Given data:
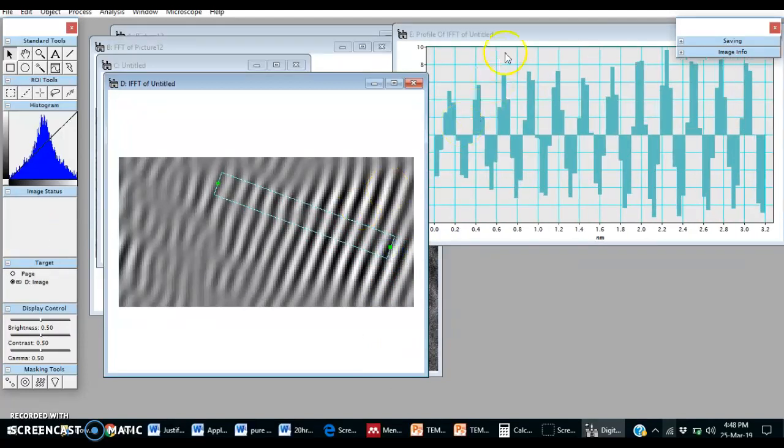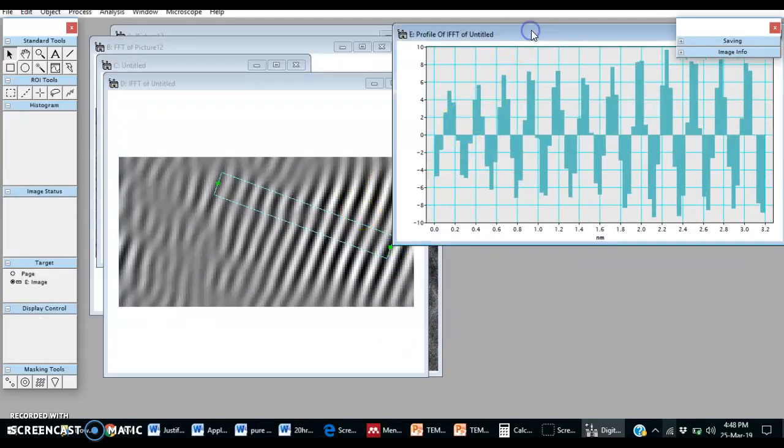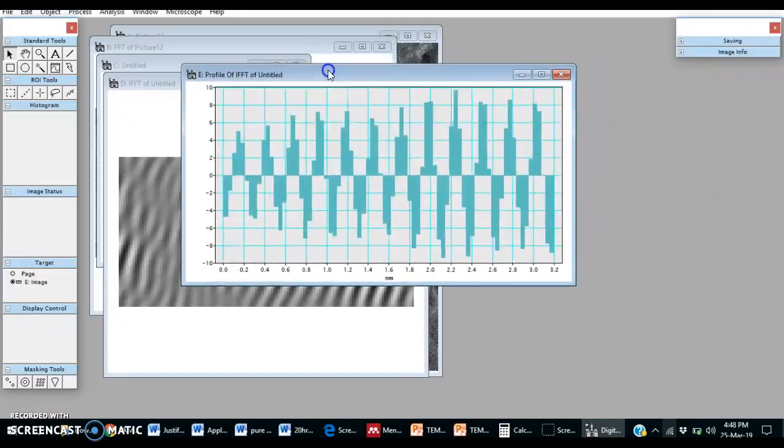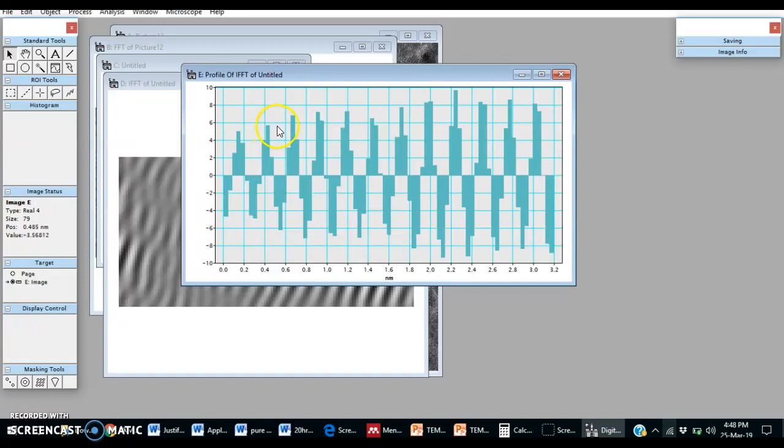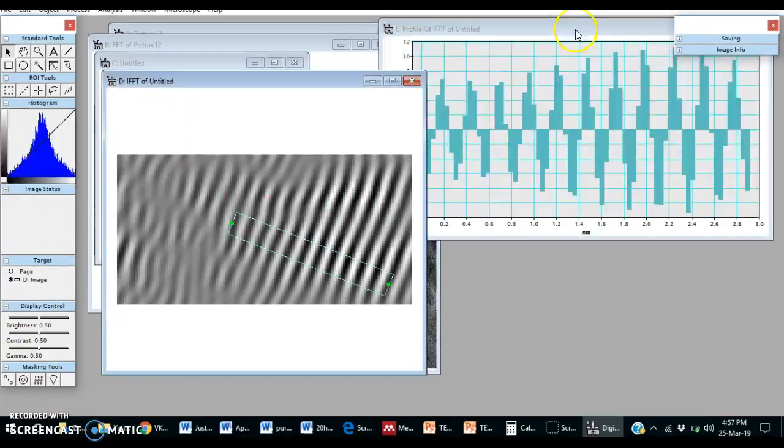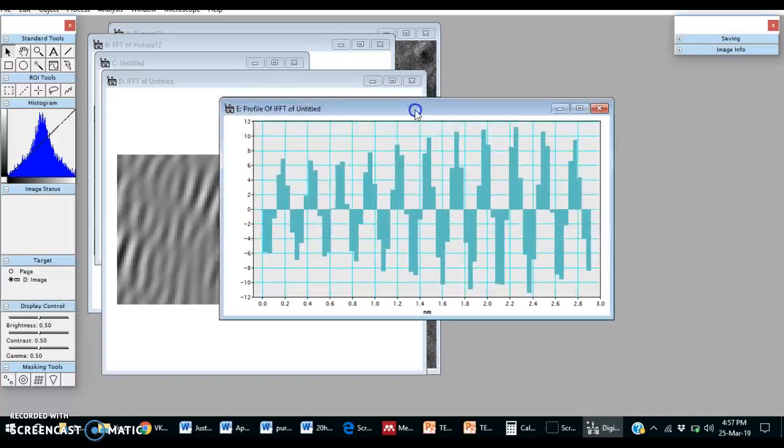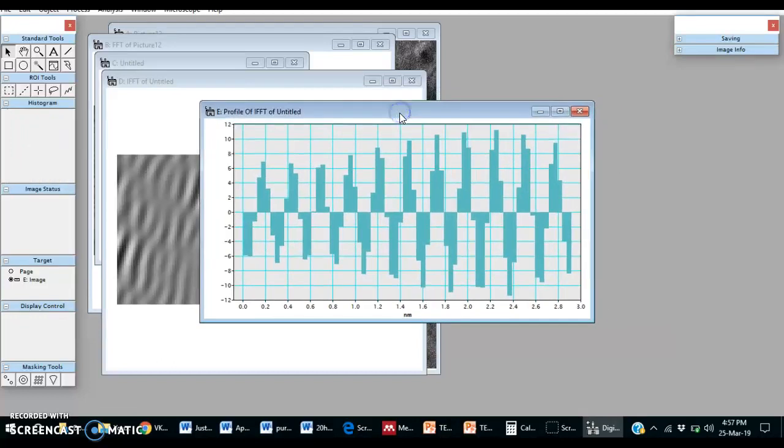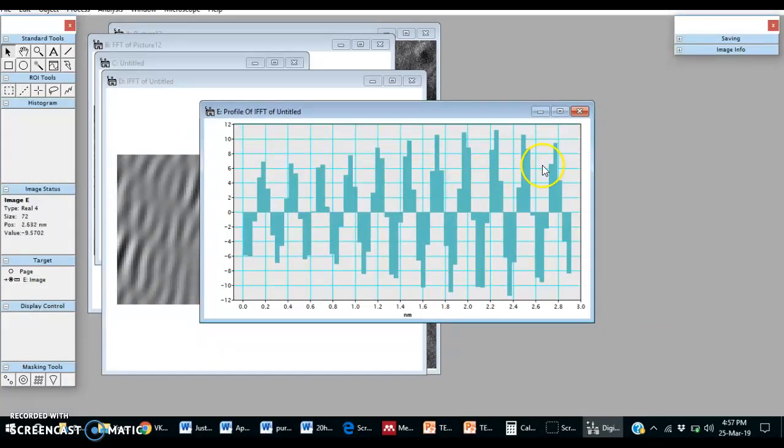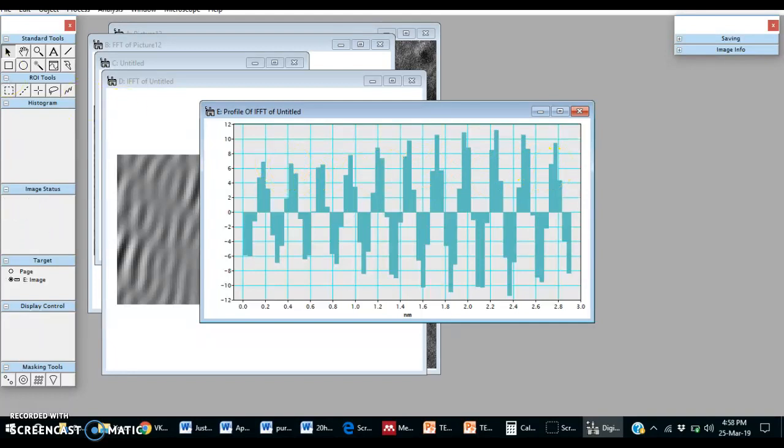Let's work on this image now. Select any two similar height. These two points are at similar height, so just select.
...
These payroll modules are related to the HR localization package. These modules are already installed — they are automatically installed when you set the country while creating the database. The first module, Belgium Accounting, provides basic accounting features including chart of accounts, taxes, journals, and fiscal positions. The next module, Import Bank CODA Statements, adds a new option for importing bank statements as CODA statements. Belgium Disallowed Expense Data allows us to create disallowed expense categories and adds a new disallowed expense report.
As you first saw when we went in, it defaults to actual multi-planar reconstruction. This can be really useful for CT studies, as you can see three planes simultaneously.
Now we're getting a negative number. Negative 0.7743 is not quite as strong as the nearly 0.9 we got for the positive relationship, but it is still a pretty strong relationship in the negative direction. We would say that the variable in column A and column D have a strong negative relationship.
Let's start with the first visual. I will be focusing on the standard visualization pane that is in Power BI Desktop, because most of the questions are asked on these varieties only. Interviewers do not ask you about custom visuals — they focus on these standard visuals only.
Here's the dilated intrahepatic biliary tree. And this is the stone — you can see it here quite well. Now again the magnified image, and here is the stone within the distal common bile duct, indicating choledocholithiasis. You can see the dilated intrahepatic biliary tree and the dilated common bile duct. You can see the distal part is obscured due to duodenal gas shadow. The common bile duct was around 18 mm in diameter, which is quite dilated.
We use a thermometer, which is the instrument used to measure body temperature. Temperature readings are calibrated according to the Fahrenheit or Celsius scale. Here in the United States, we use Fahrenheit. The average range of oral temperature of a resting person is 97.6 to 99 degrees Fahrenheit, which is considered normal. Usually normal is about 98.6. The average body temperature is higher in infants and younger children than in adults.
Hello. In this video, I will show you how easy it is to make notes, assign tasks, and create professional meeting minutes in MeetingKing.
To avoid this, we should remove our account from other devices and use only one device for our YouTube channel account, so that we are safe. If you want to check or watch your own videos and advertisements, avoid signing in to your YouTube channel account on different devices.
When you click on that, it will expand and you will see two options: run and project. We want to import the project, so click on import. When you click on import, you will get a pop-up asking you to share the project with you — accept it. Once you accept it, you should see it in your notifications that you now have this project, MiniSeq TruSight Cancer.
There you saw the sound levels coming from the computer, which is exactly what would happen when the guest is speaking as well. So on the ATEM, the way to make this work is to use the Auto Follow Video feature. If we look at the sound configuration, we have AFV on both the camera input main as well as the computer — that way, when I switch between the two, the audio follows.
==
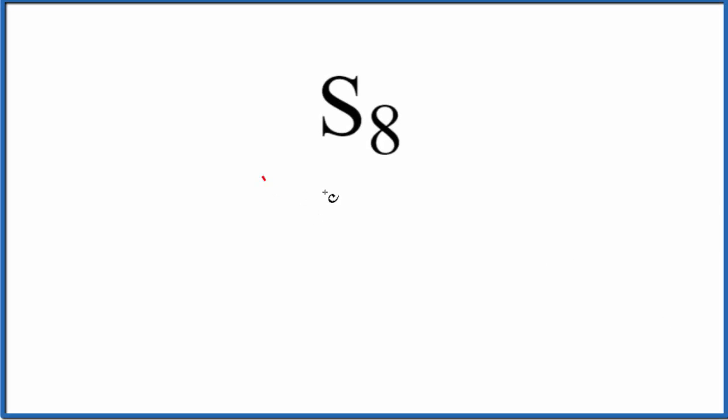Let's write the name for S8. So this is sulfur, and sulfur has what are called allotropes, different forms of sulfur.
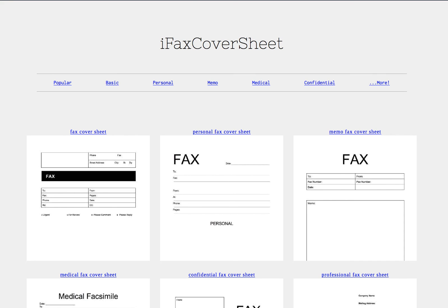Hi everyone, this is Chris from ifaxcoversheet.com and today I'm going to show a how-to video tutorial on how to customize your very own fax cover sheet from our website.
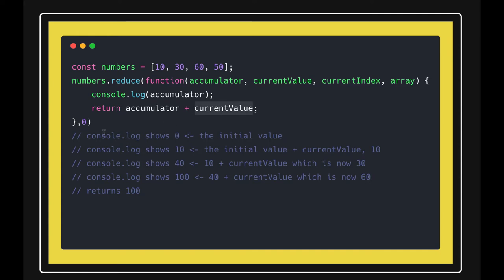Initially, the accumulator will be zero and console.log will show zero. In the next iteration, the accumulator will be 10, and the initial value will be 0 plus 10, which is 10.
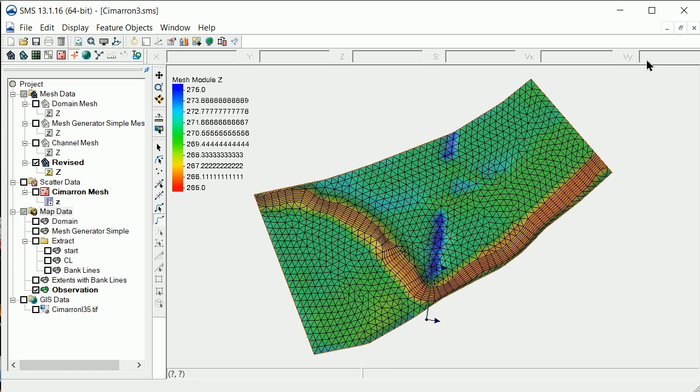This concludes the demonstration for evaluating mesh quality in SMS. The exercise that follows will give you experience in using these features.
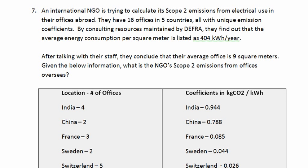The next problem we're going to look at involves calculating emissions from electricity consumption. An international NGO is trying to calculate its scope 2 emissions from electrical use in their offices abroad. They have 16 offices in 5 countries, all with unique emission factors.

Exercise instructions: What you return from the records above should be exactly everything from the line with "Let's write the" down to the line with "The next problem", both kept, and no pictures.

Completed task:
Let's write the name for S8. So this is sulfur, and sulfur has what are called allotropes, different forms of sulfur.
Hi everyone, this is Chris from ifaxcoversheet.com and today I'm going to show a how-to video tutorial on how to customize your very own fax cover sheet from our website.
Initially, the accumulator will be zero and console.log will show zero. In the next iteration, the accumulator will be 10, and the initial value will be 0 plus 10, which is 10.
This concludes the demonstration for evaluating mesh quality in SMS. The exercise that follows will give you experience in using these features.
The next problem we're going to look at involves calculating emissions from electricity consumption. An international NGO is trying to calculate its scope 2 emissions from electrical use in their offices abroad. They have 16 offices in 5 countries, all with unique emission factors.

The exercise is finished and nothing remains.